##### RECORDS PROVIDED

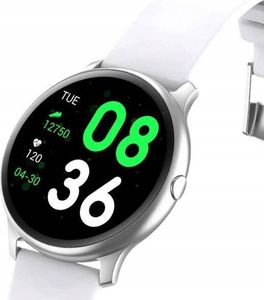 Smartwatch King Watch KW19 Biały 9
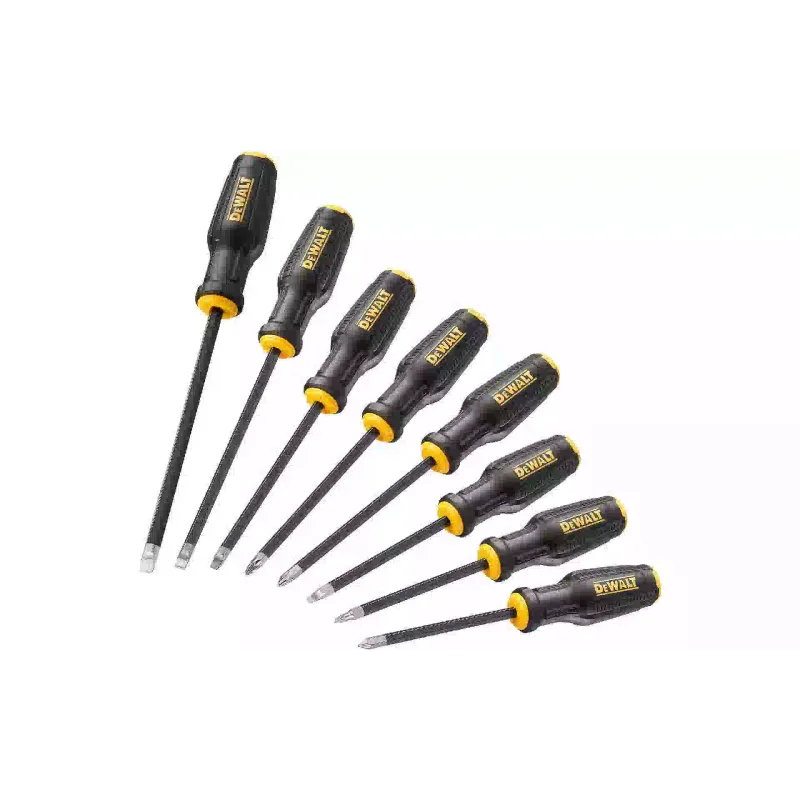 مجموعة مفكات البراغي DeWALT (DWHT65102-0)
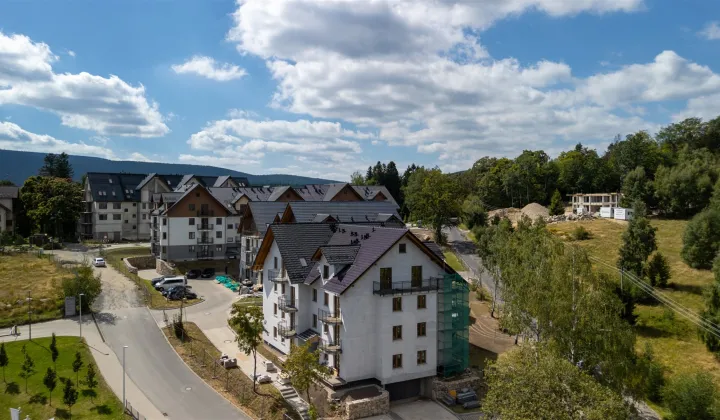 Mieszkanie 2-pokojowe Szklarska Poręba, ul. Osiedle Podgórze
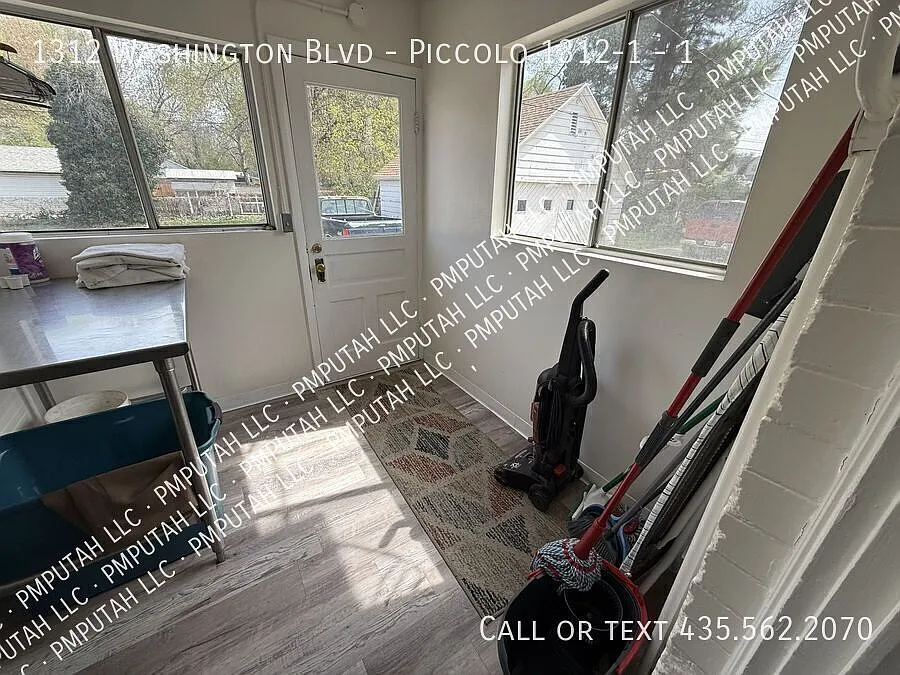 Classic 1 Bed / 1 Bath Apartment in the Heart of Ogden! — Photo 3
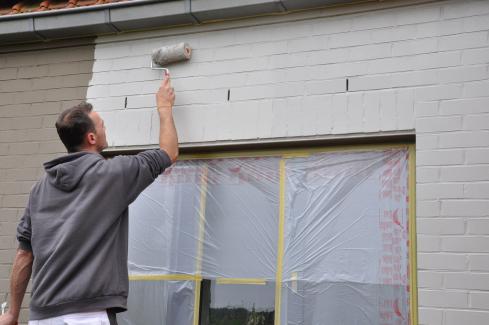 Comment préparer votre mur extérieur avant de le peindre ?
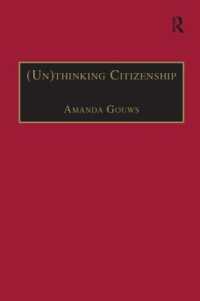 (Un)thinking Citizenship : Feminist Debates in Contemporary South Africa (Gender in a Global/local World)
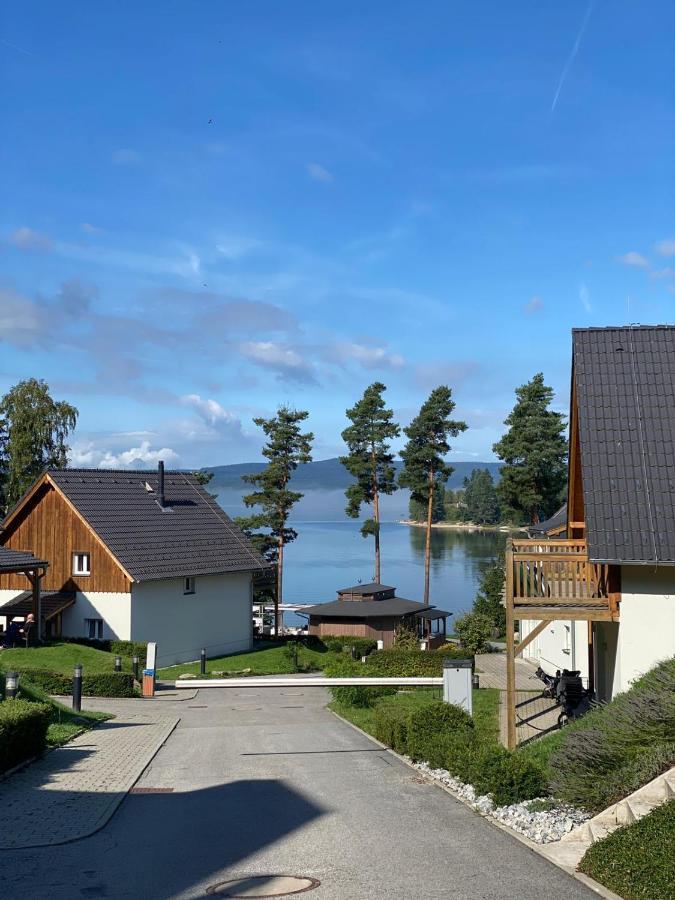 Lipno Village House Frymburk Exterior photo
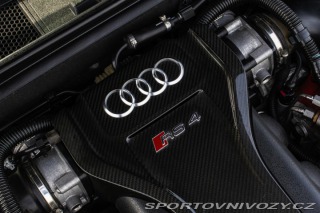 Audi RS4 Avant B8 DPH*Exclusive 2013
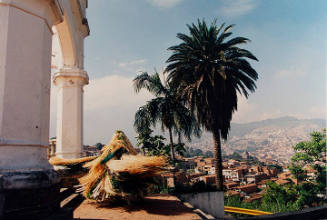 Ritual for the Trees, Colombia, South America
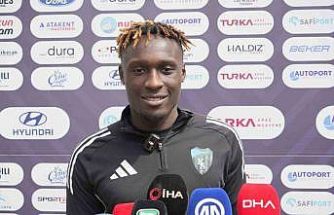 Agyei’den Galatasaray maçı değerlendirmesi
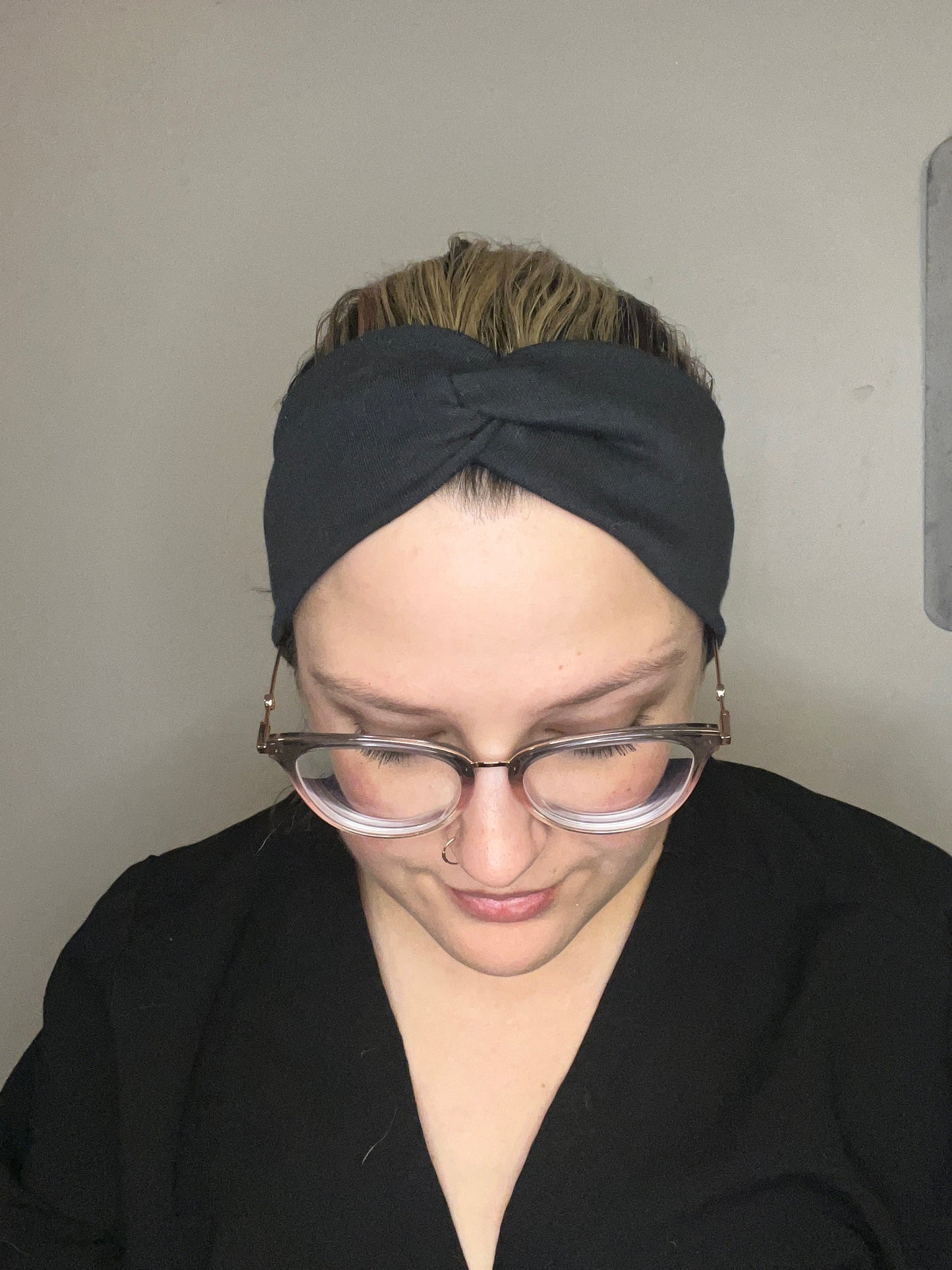Solid Color Headband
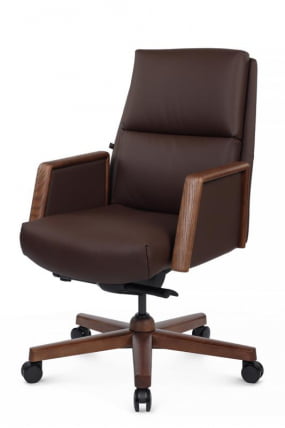 Кресло Franco-M B2415-1 Коричневый_6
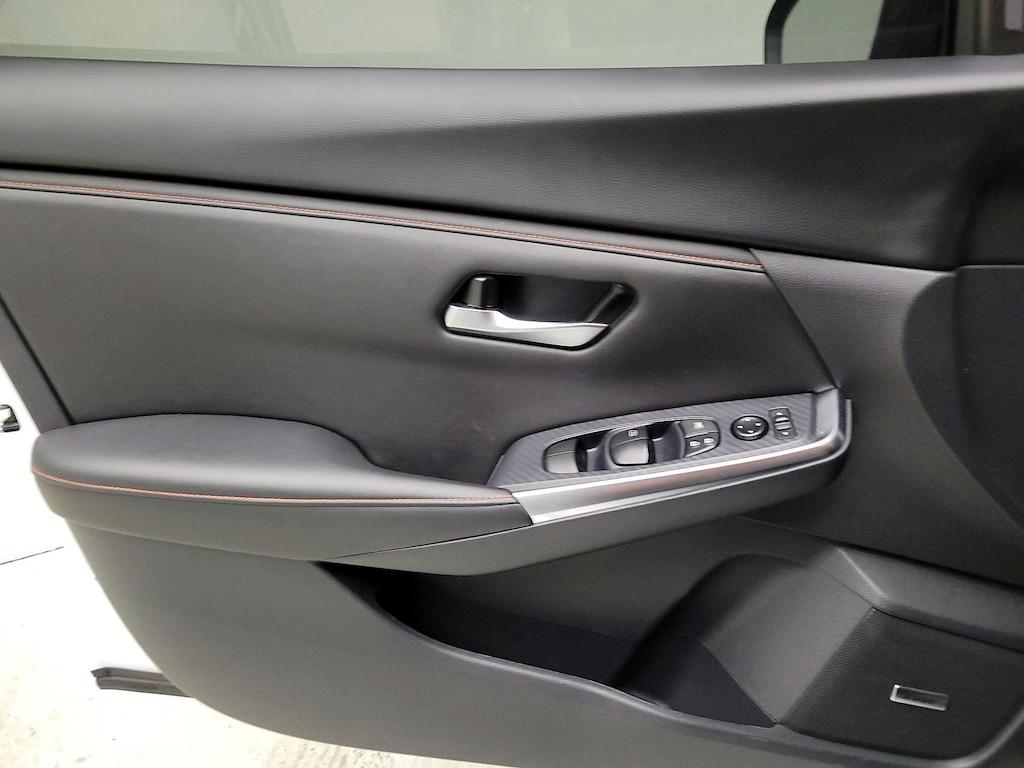 used 2024 Nissan Sentra car, priced at $22,998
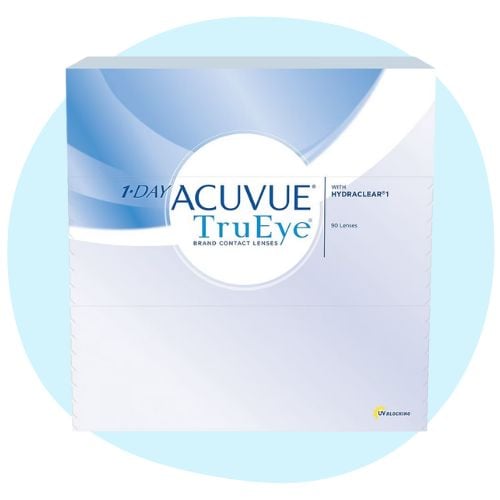 1 Day Acuvue TruEye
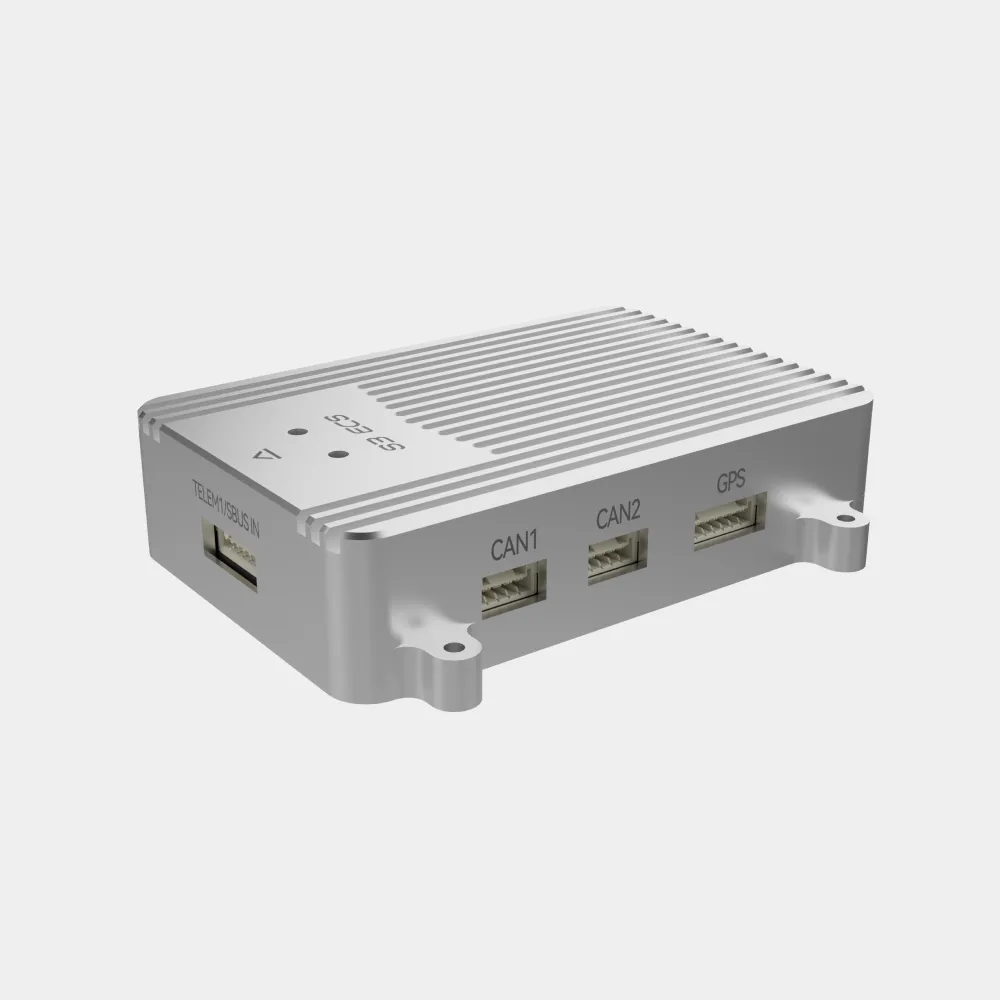 Skydroid S3 interface configuration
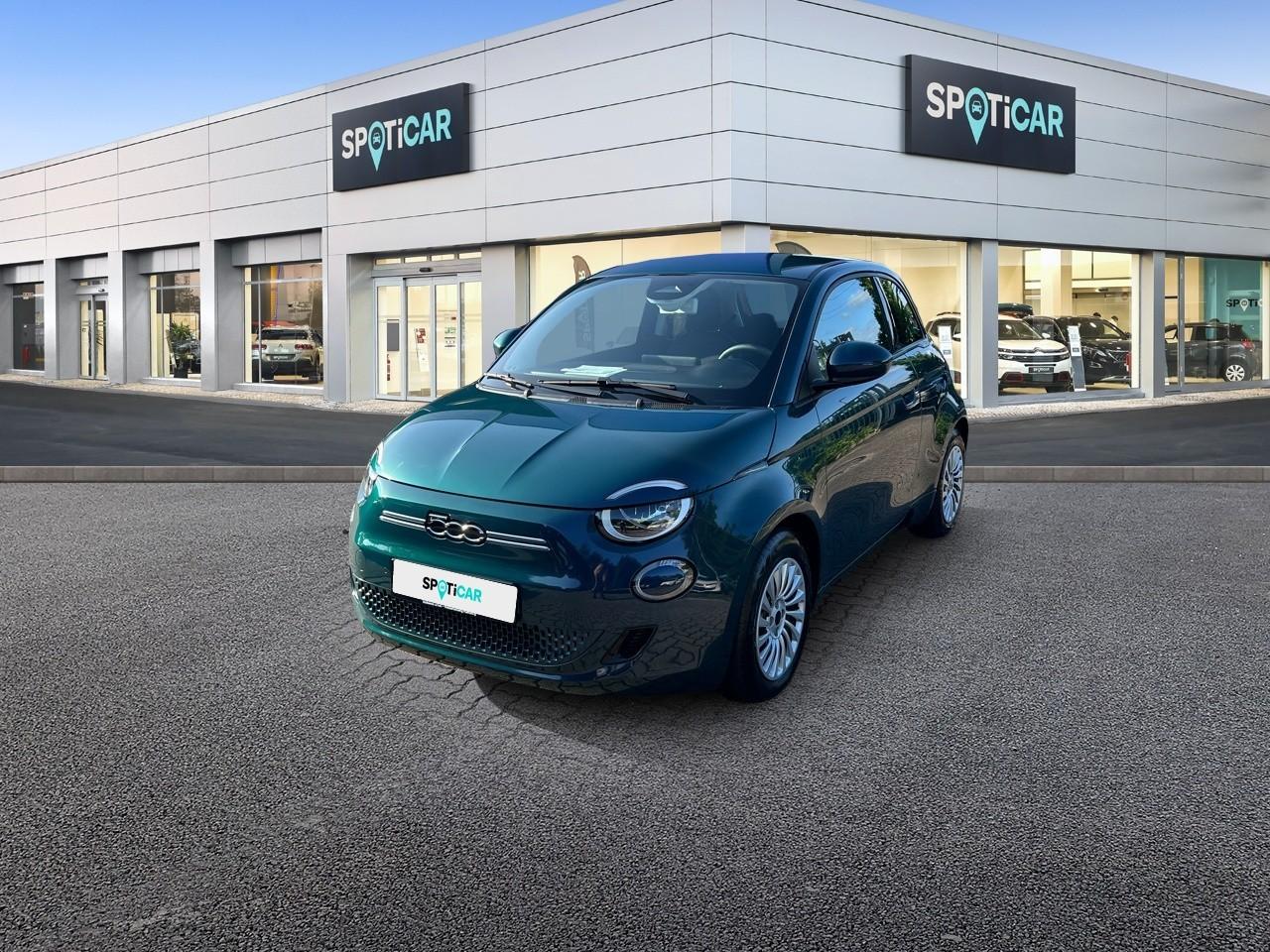 FIAT FIAT 500 Gebrauchtwagen Grün Elektro 2023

##########

WORK REQUIRED | The answer must be an exact copy of the lines above, from the start of the records through the line with "Ritual for the", and of nothing else; no pictures belong in it.

RESPONSE TO THIS EXERCISE |
 Smartwatch King Watch KW19 Biały 9
 مجموعة مفكات البراغي DeWALT (DWHT65102-0)
 Mieszkanie 2-pokojowe Szklarska Poręba, ul. Osiedle Podgórze
 Classic 1 Bed / 1 Bath Apartment in the Heart of Ogden! — Photo 3
 Comment préparer votre mur extérieur avant de le peindre ?
 (Un)thinking Citizenship : Feminist Debates in Contemporary South Africa (Gender in a Global/local World)
 Lipno Village House Frymburk Exterior photo
 Audi RS4 Avant B8 DPH*Exclusive 2013
 Ritual for the Trees, Colombia, South America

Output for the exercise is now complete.